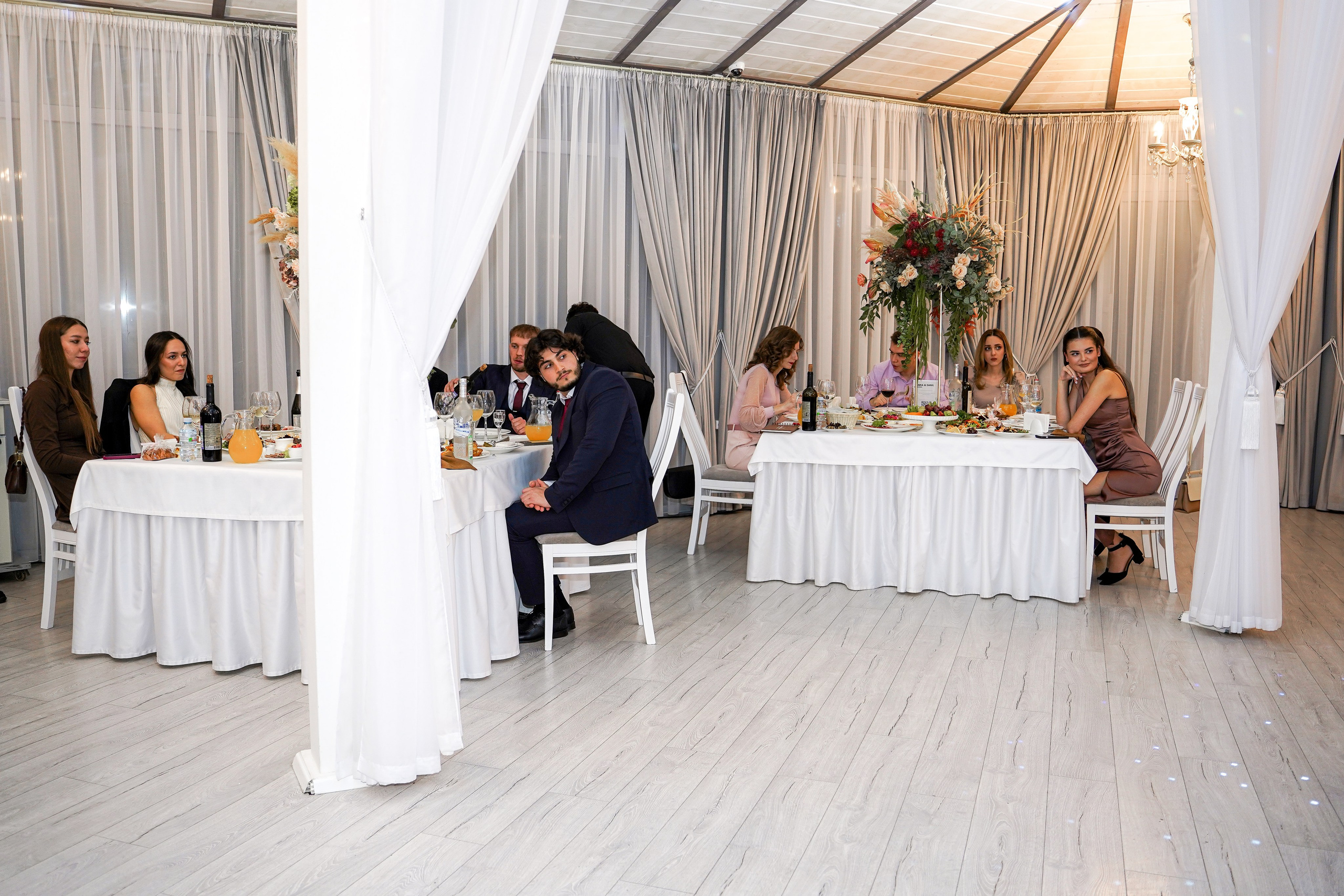 Свадебный банкет в беседке. Свадебный фотограф в Ростове-на-Дону. Таинство Крещения и Венчания, семейные фотосессии. Алёна Чёботова
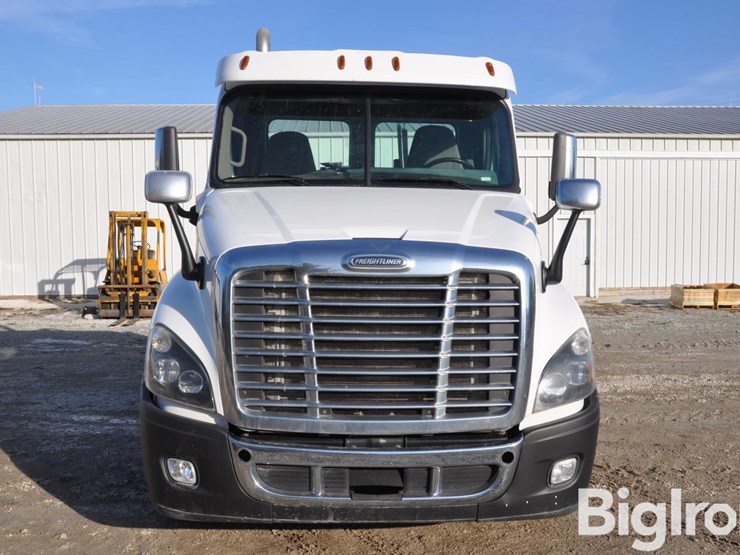 2016-freightliner-cascadia-125-image-2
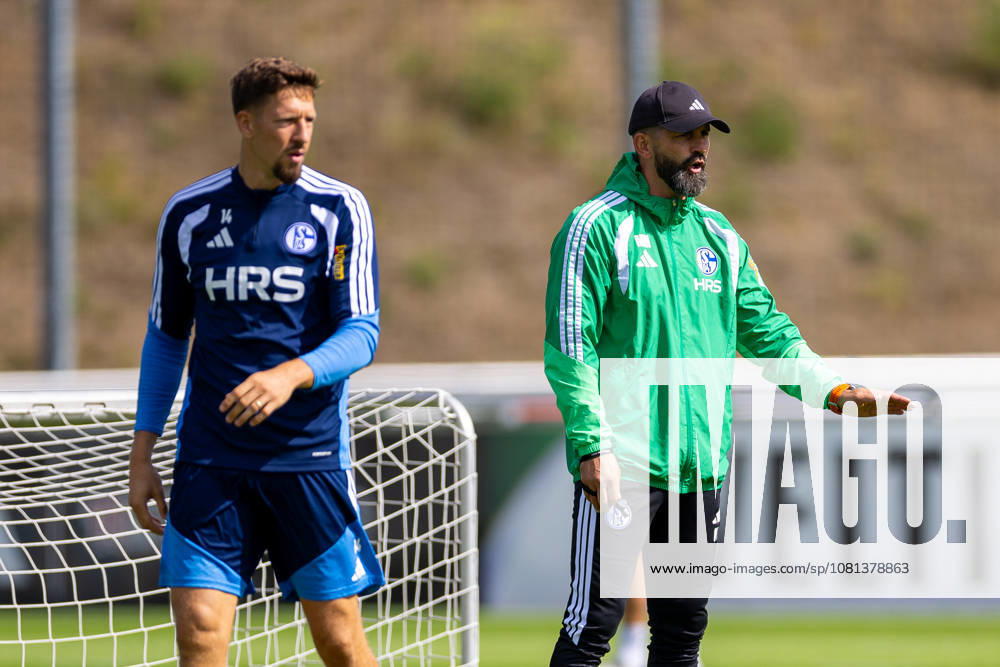Fussball, Training des FC Schalke 04. v. l. Janik Bachmann (FC Schalke 04), Trainer Miron Muslic (FC Schalke 04). Gelsenkirchen Trainingsgelände FC Schalke 04 NRW Deutschland xRHR-FOTO YYx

◆ PROBLEM REQUIREMENTS
When you retype the listing, keep every line exactly as it is and drop the pictures.

◆ OUTPUT FOR THIS EXERCISE
 Свадебный банкет в беседке. Свадебный фотограф в Ростове-на-Дону. Таинство Крещения и Венчания, семейные фотосессии. Алёна Чёботова
 2016-freightliner-cascadia-125-image-2
Fussball, Training des FC Schalke 04. v. l. Janik Bachmann (FC Schalke 04), Trainer Miron Muslic (FC Schalke 04). Gelsenkirchen Trainingsgelände FC Schalke 04 NRW Deutschland xRHR-FOTO YYx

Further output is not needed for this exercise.